# Captioned web images:
::::::::::

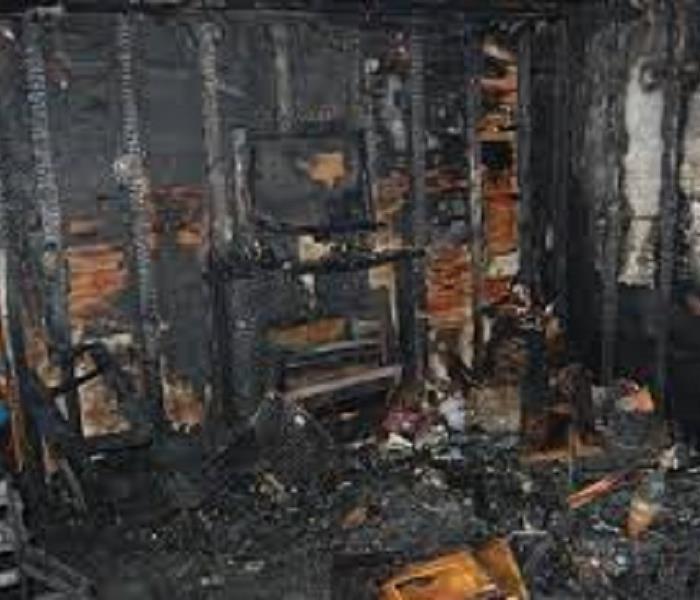 House wall severely burned by a fire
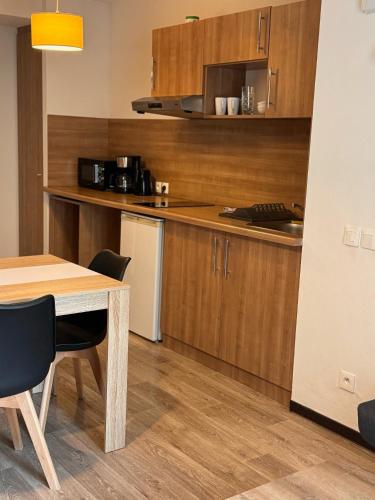 une cuisine avec des armoires en bois et une table et des chaises dans l'établissement KOSY Appart'Hôtel 7ème Art, à Saint-Avold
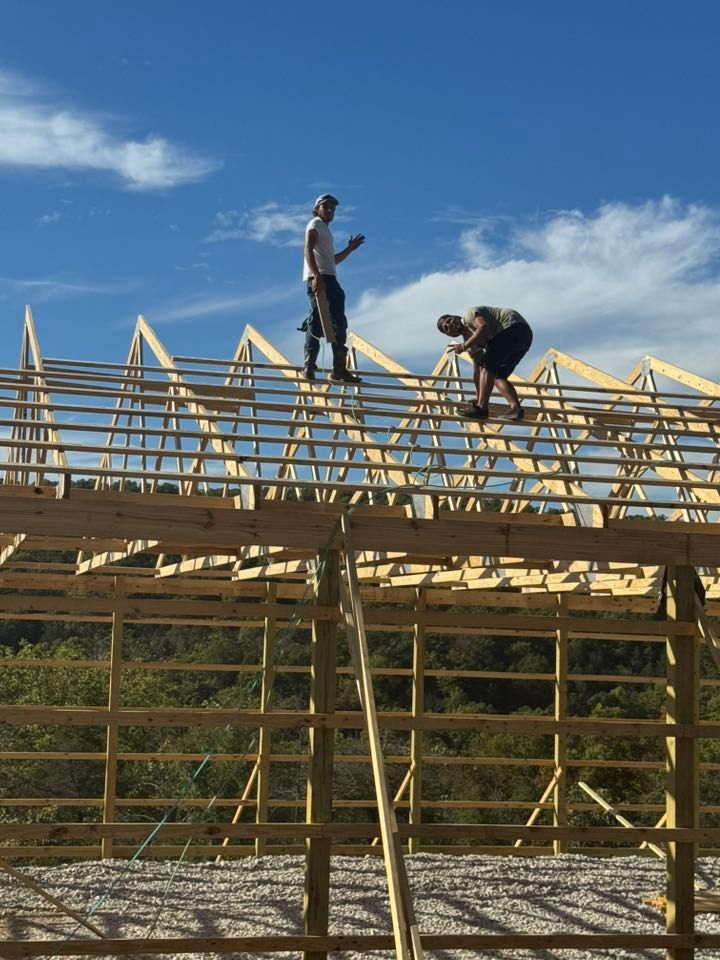Two people constructing a wooden building roof against a blue sky. One stands, the other works, both high up.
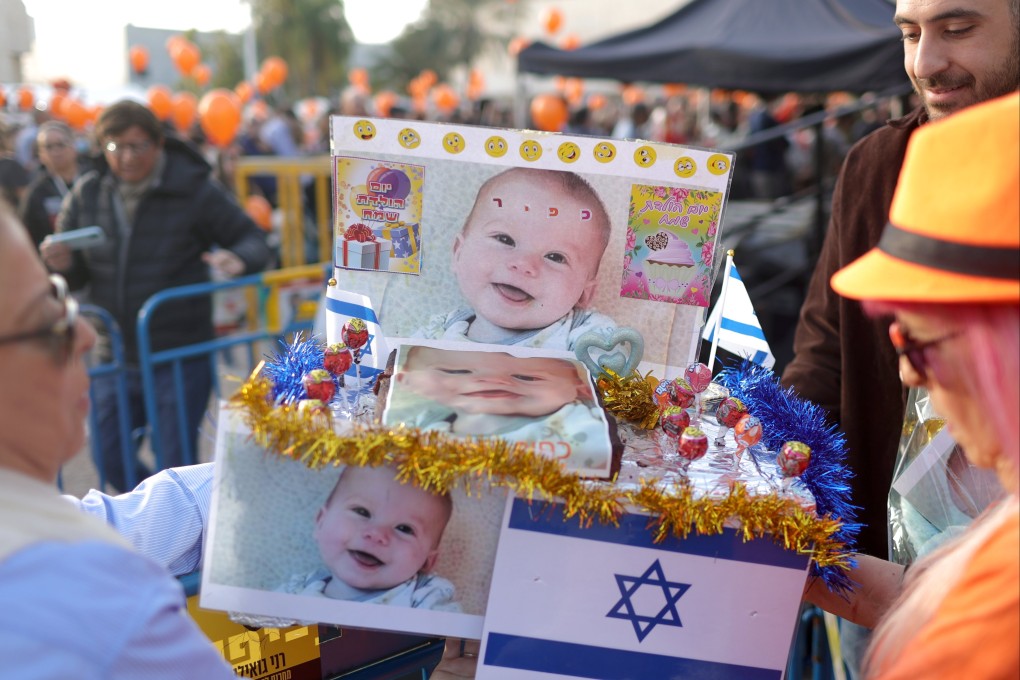 People hold a birthday cake to mark the first birthday of Israeli toddler Kfir Bibas, who is held hostage by Hamas in Gaza, outside the Kirya military base in Tel Aviv, Israel on Thursday. Photo: EPA-EFE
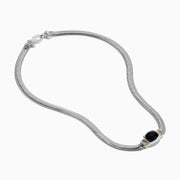 The Eclipse 925 Sterling Silver and 14K Yellow Gold Onyx Necklace features a snake chain and a central black onyx gemstone in an elegant silver and yellow gold-accented setting.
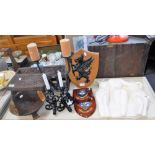 A CARVED OAK BOOKRACK, iron candlesticks, Naval shields and sundries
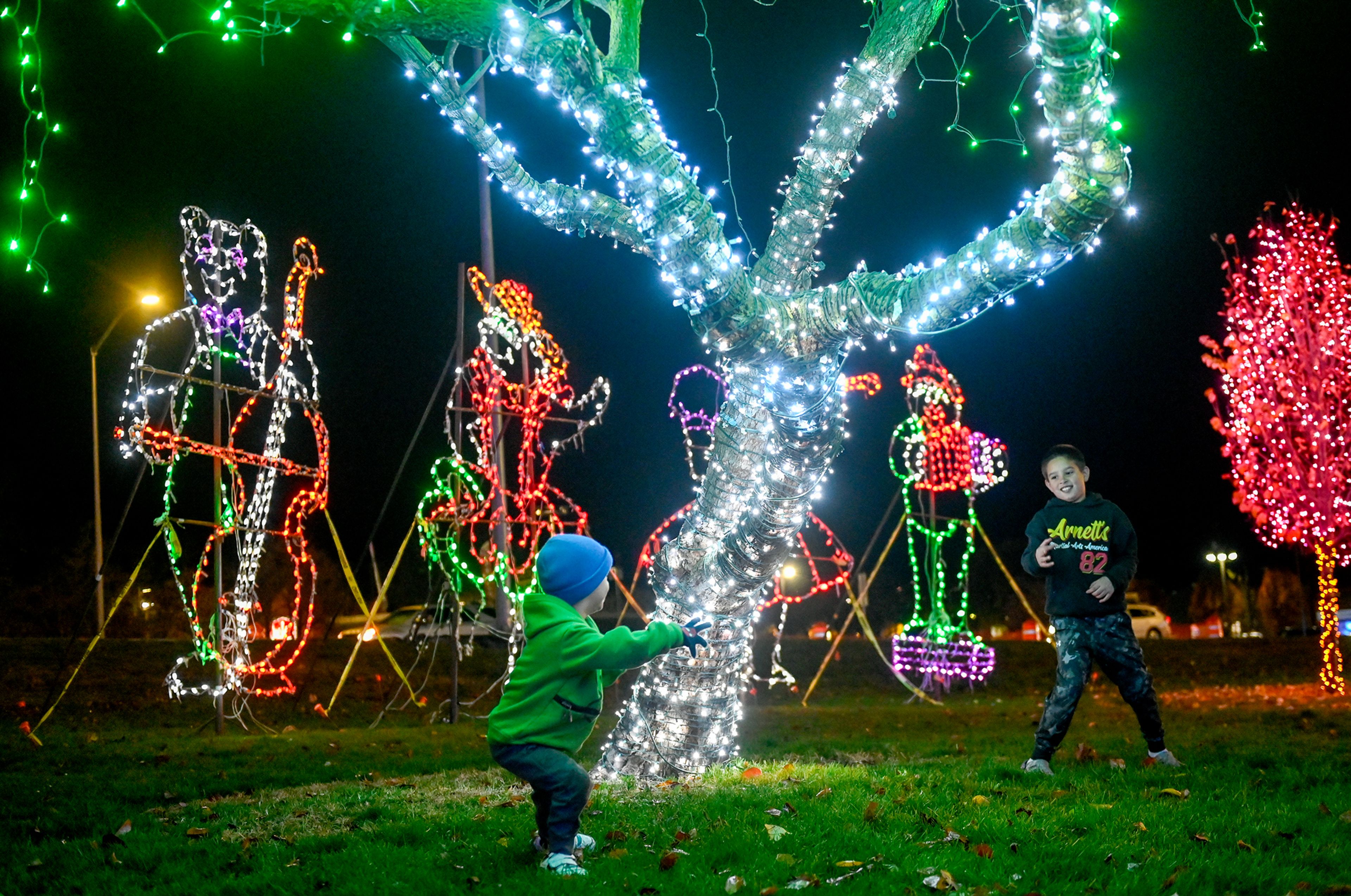 Levi, left, 4, and Louis, 8, play tag under the lights Saturday after the opening of the Winter Spirit holiday display at Locomotive Park in Lewiston.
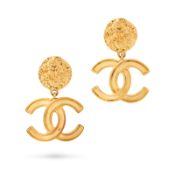 CHANEL, A PAIR OF CC CLIP-ON EARRINGS each comprising a textured circular metal plate suspending an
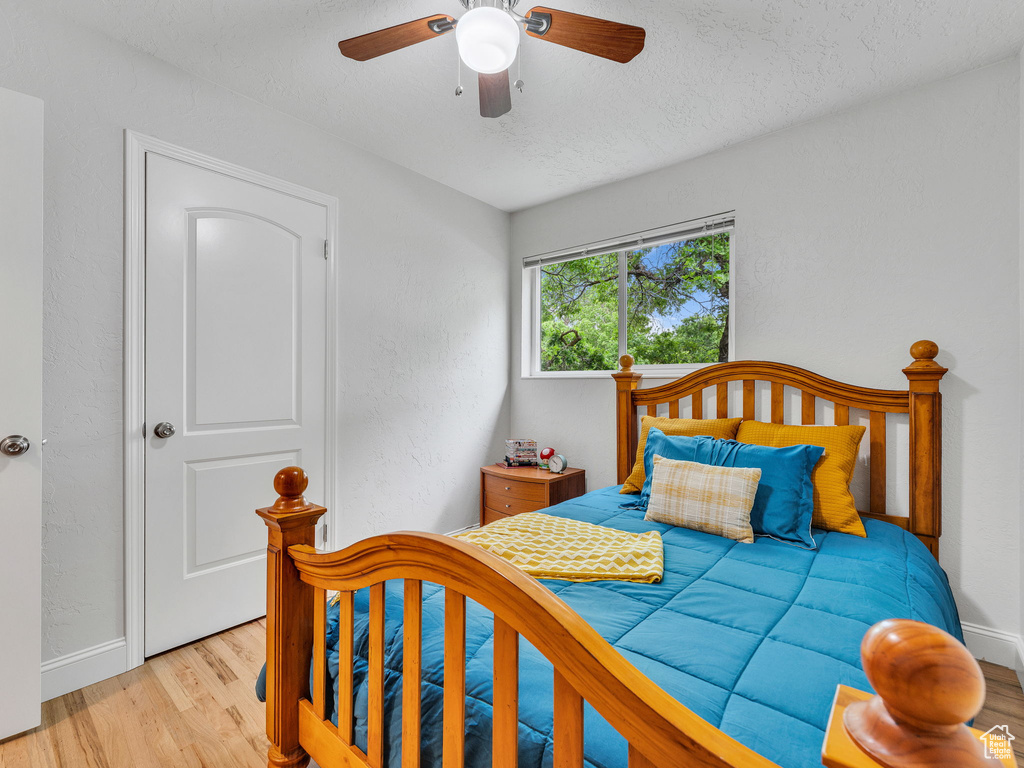 Bedroom with light wood-type flooring, baseboards, a textured ceiling, and ceiling fan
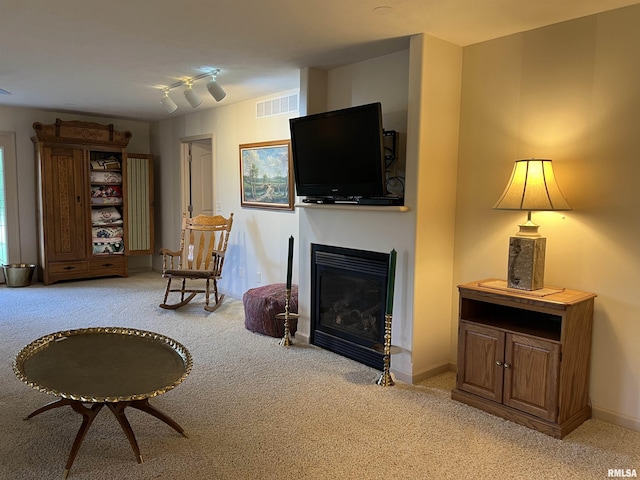 1308 Shawnee Trl, Carterville, IL 62918 - carpeted living room with a glass covered fireplace and baseboards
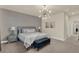 Comfortable main bedroom with stylish furnishings, decorative wall paneling, and modern lighting fixture at 17441 Hidden Forest Dr, Clermont, FL 34714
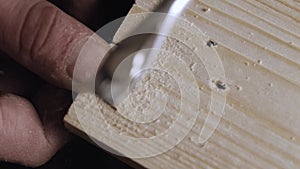 A carpenter cuts out a dovetail on a pine board with a hand jigsaw. dovetail joinery is done with a hand tool. woodworker makes an
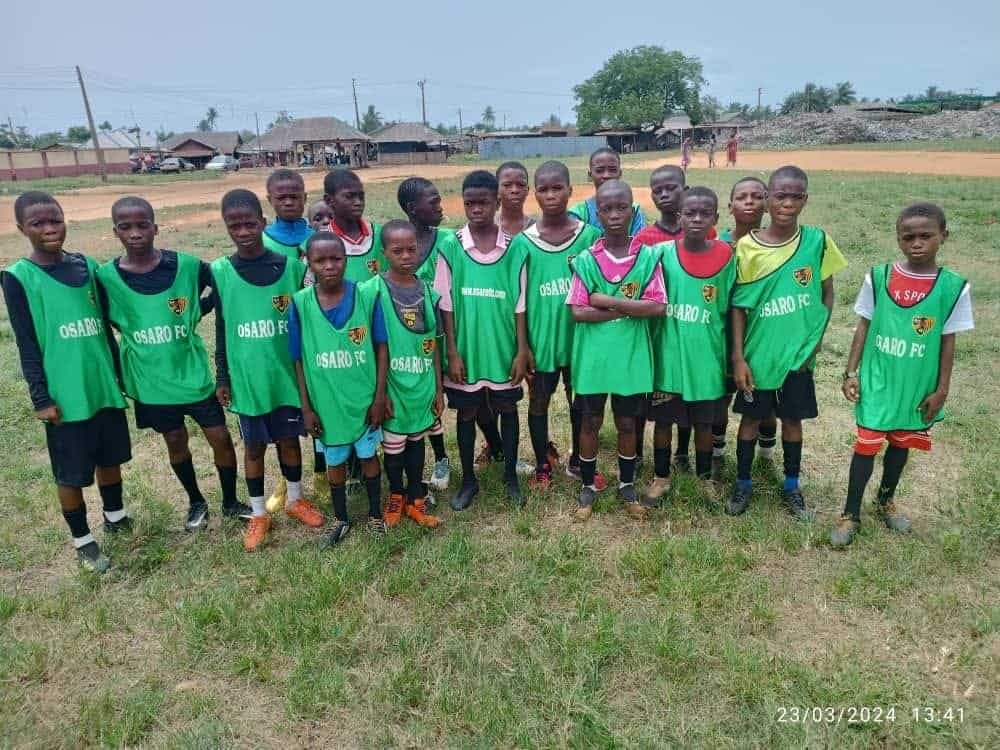 Grass field with young Osaro FC soccer players in green jerseys, practicing football skills at Osaro International Sports Academy, focused on youth sports development.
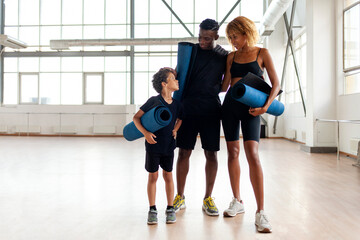 african american young family standing together in the gym and holding yoga mat, father mom and son on fitness training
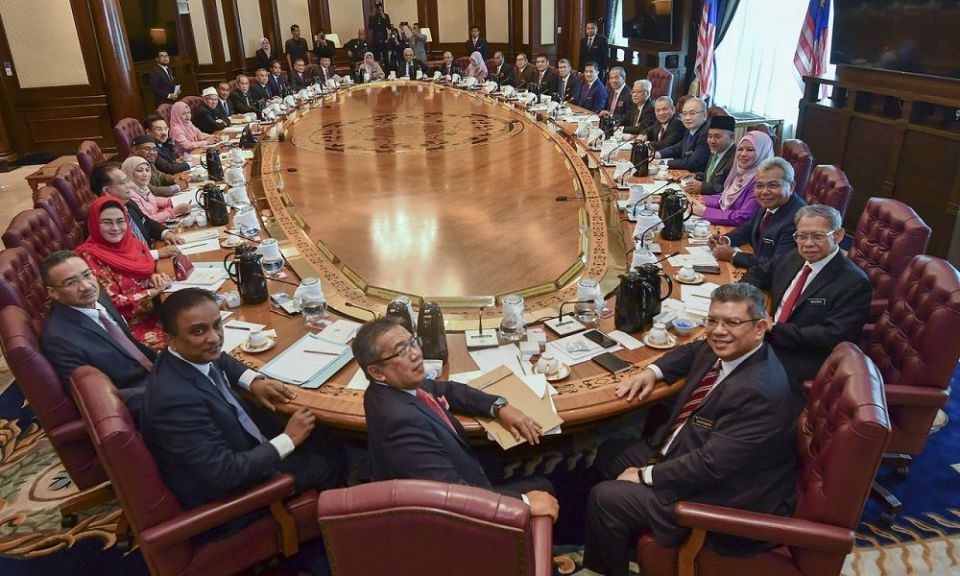 Prime Minister Tan Sri Muhyiddin Yassin poses with Cabinet ministers before its first meeting at Perdana Putra in Putrajaya March 11, 2020 (Photo: Bernama pic)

::::::::::

# Directions:
Repeat exactly the lines above, from the line that contains "Levi, left, 4, and" down through the line that contains "1308 Shawnee Trl, Carterville, IL". Include both of those lines and none of the pictures.

# Task output:
 Levi, left, 4, and Louis, 8, play tag under the lights Saturday after the opening of the Winter Spirit holiday display at Locomotive Park in Lewiston.
 CHANEL, A PAIR OF CC CLIP-ON EARRINGS each comprising a textured circular metal plate suspending an
 Bedroom with light wood-type flooring, baseboards, a textured ceiling, and ceiling fan
 1308 Shawnee Trl, Carterville, IL 62918 - carpeted living room with a glass covered fireplace and baseboards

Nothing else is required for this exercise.